Al preparar su cuerpo para sepultarlo se encontró el nombre de Jesús cauterizado, aparentemente, sobre su pecho. Se dice que se siguieron muchos milagros y que del lugar de su sepultura salía una fragancia celestial. Tres años y medio más tarde, por orden del mismo obispo que había tenido parte en su cruel prisión, su cuerpo fue trasladado a un sitio de descanso más honroso.

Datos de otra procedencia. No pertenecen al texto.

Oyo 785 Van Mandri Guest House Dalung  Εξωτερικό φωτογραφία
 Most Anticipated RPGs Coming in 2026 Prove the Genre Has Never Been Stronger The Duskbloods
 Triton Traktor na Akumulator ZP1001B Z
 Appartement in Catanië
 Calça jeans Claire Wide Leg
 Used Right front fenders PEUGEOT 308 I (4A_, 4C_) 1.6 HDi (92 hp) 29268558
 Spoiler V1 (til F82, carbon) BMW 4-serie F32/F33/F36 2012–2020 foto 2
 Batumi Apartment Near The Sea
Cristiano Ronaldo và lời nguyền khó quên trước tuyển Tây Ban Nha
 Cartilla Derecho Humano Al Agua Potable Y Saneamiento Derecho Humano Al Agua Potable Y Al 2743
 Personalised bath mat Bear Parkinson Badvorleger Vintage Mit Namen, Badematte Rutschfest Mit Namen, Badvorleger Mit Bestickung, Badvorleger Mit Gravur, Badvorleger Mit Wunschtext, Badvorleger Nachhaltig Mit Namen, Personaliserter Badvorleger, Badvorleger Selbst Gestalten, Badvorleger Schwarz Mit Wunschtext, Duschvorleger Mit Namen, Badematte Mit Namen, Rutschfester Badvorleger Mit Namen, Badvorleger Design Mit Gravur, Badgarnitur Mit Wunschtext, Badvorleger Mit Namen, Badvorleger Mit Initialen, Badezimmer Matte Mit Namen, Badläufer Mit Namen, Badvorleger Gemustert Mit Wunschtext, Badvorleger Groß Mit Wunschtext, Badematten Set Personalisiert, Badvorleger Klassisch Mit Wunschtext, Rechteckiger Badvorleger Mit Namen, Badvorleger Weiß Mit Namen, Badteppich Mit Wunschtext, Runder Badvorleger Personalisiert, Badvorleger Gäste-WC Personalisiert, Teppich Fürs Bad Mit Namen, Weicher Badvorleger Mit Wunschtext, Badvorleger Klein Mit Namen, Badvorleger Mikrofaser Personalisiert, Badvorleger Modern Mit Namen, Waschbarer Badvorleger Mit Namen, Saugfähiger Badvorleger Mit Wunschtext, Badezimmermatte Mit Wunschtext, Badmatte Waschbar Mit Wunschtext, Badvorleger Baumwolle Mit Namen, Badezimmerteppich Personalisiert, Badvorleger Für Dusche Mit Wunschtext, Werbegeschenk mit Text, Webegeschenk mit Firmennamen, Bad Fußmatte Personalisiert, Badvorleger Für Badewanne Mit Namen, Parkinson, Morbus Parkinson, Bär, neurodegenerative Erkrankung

Aunque la habían enterrado sin ataúd, se encontró su cuerpo perfectamente incorrupto, como si lo acabaran de depositar en la tumba.
Pese a su apariencia fantástica, esta historia parece basarse en una buena evidencia contemporánea. Pedro Barozzi, que en 1487 llegó a ser obispo de Pádua donde dieciocho años antes Eustoquio había terminado sus días, compiló y publicó un breve ensayo. Posteriormente, se imprimieron biografías más completas por G. M. Giberti (1672) y por G. Salió (1734); pero la más digna de confianza, sin duda, es la del bien conocido historiador jesuita Giulio Cordara, que primero apareció en 1765. Cordara explica que basó su historia en la relación de un manuscrito, redactado por el sacerdote Jerónimo Salicario, quien era confesor de la comunidad durante todo el tiempo de la residencia de Eustoquio como monja y que había seguido personalmente el proceso. Esta relación todavía se conservaba en San Prosdocimo y se la confió al P. Cordara con motivo de su biografía.
Puede encontrarse una relación más detallada de la que aquí presentamos, en The Month, de febrero, 1926, titulada Una Cenicienta del Claustro, por el P. Thurston. Nota sobre la aprobación del culto: Según señala Antonio Borrelli en Santi e beati, el culto fue aprobado para Padua por el papa Clemente XIII en 1760, y se hizo extensiva la aprobación en 1767 para todos los estados de la República de Venecia. Es verdad que algunas veces esas "aprobaciones" no han sido del todo formales, y puede ser que tengan razón tanto el Butler como Borrelli; pero lo cierto es que en la actualidad está inscripta en el Martirologio Romano, por lo que no hay duda que goza de cierto grado de admisibilidad.